**YOUR OBJECTIVE**
Only the lines in the entries below from the line with "Мужчина без рубашки" to the line with "Cut green onion", both included, belong in the answer, transcribed exactly and without pictures.

##### DATASET EXTRACT

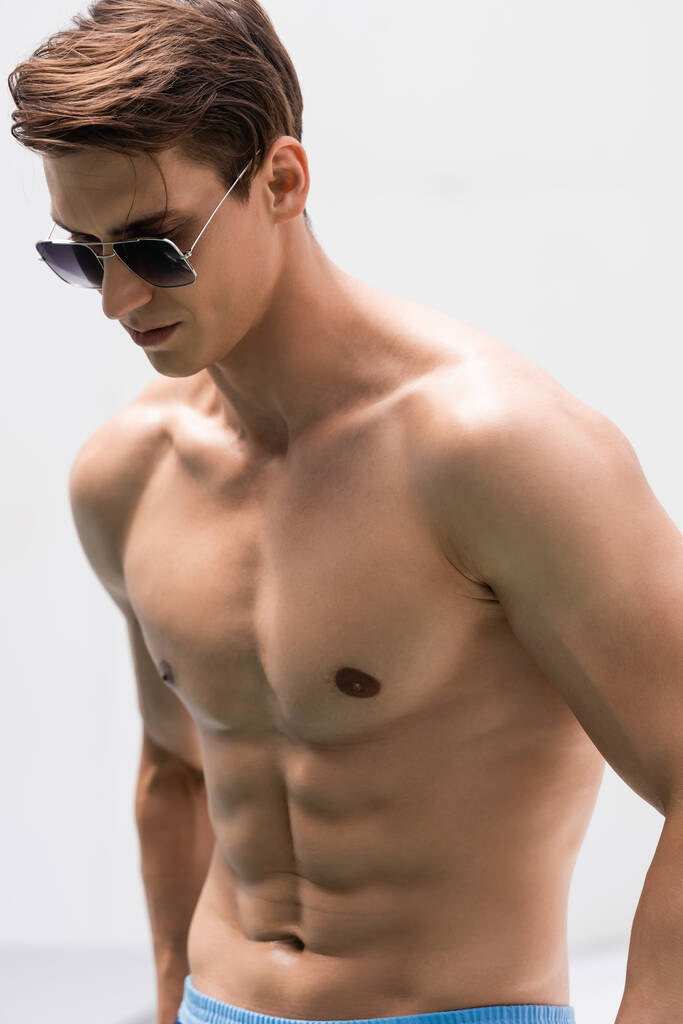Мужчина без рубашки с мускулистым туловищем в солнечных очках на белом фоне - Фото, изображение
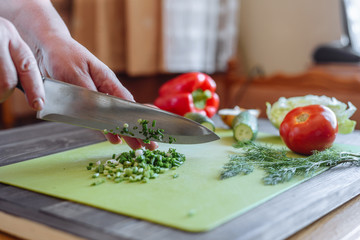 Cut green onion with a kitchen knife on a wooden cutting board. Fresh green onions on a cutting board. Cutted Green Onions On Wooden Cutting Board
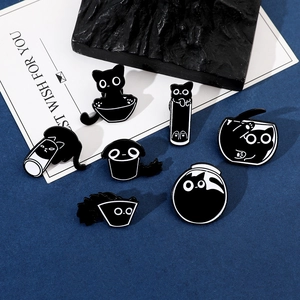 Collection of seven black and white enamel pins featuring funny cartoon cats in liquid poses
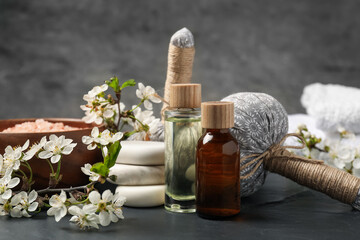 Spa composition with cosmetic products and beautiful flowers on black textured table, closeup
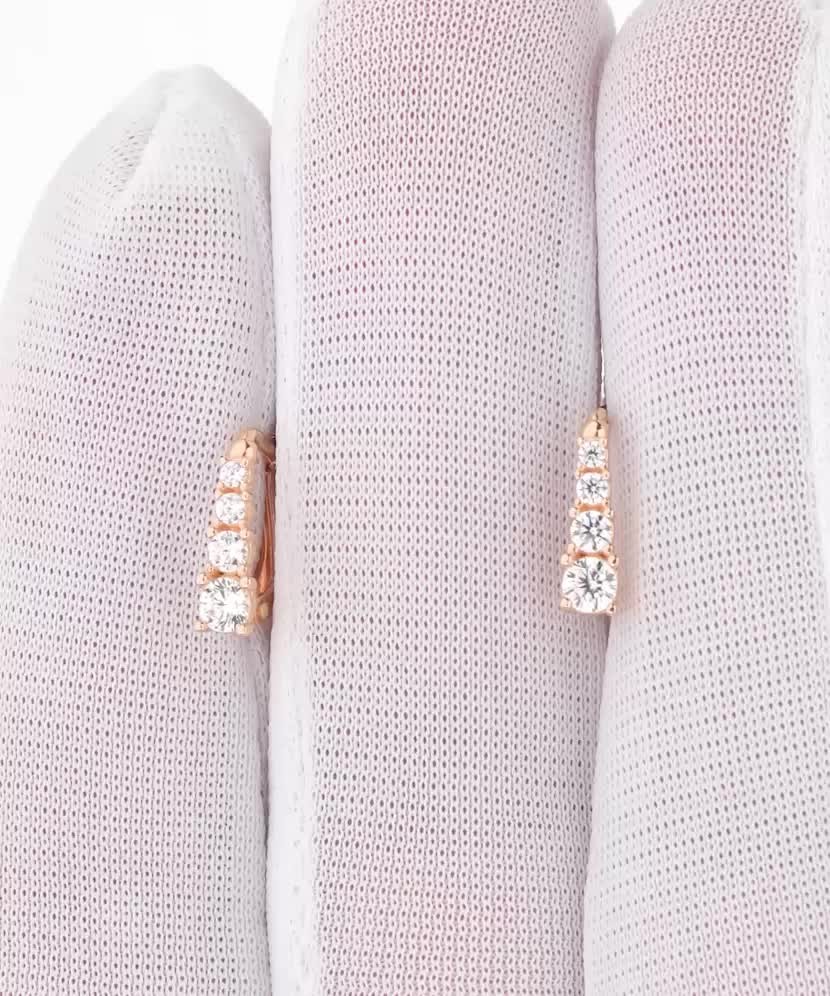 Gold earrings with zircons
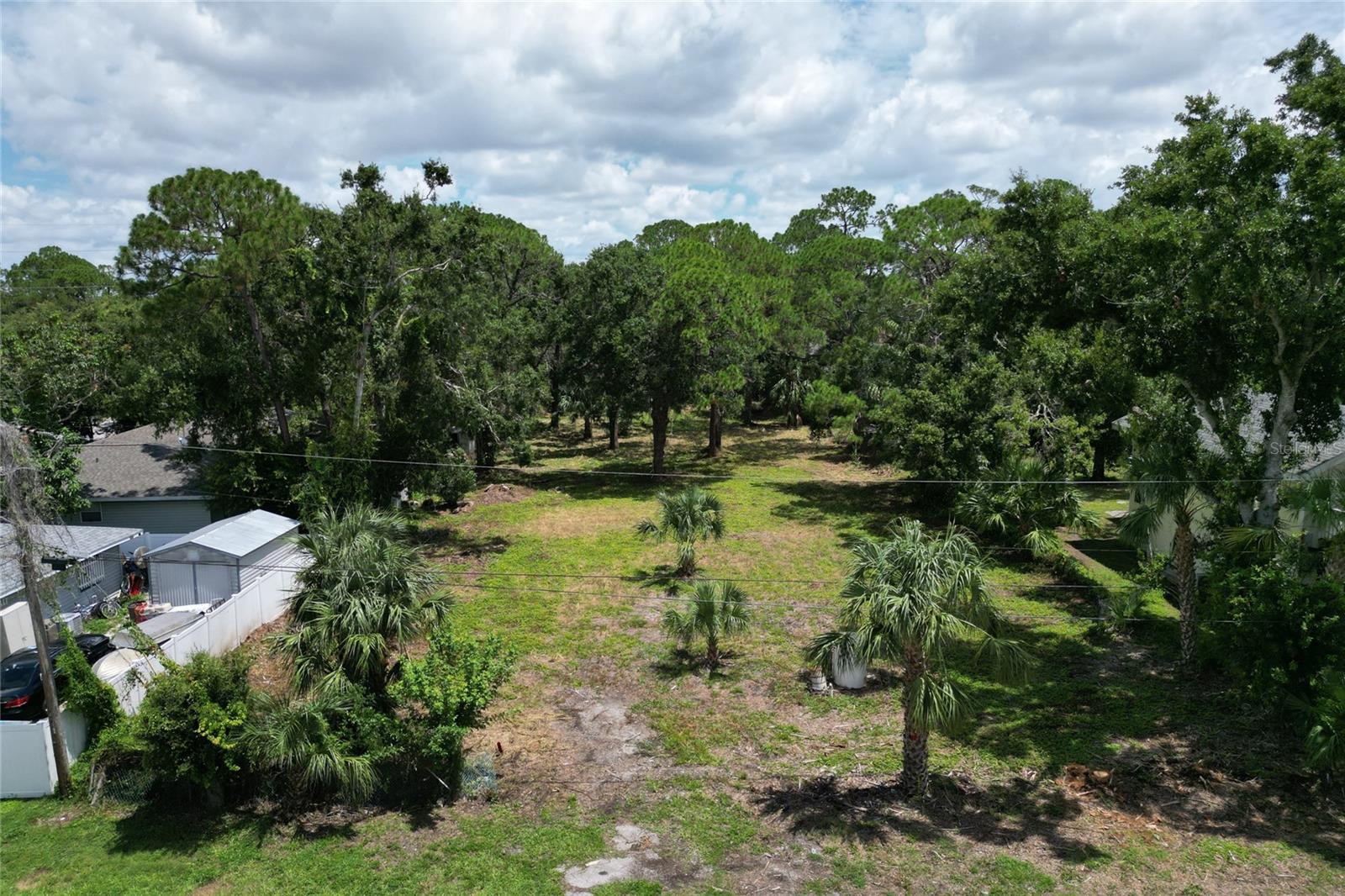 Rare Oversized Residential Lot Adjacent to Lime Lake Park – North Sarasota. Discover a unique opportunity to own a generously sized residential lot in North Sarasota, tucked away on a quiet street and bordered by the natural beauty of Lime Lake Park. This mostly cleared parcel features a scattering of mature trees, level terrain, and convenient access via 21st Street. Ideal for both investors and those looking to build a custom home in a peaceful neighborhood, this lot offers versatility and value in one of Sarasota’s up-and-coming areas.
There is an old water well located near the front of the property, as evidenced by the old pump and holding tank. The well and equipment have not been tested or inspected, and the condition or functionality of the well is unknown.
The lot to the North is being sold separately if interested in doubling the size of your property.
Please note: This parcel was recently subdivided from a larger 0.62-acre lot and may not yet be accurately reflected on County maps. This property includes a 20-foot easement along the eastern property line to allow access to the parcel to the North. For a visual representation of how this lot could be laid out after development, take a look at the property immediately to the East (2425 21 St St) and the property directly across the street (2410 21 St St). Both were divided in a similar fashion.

##########
##### DATASET EXTRACT

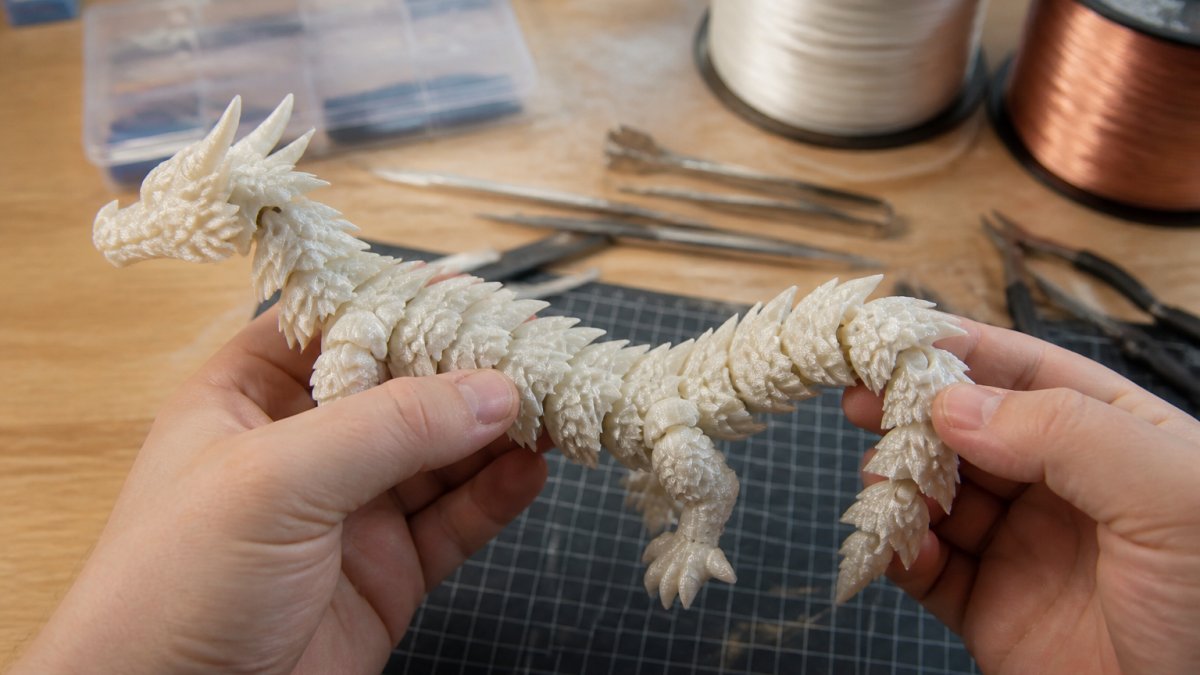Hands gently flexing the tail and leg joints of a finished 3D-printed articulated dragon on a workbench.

##########

**SOLUTION TO THIS TASK**
Мужчина без рубашки с мускулистым туловищем в солнечных очках на белом фоне - Фото, изображение
 Cut green onion with a kitchen knife on a wooden cutting board. Fresh green onions on a cutting board. Cutted Green Onions On Wooden Cutting Board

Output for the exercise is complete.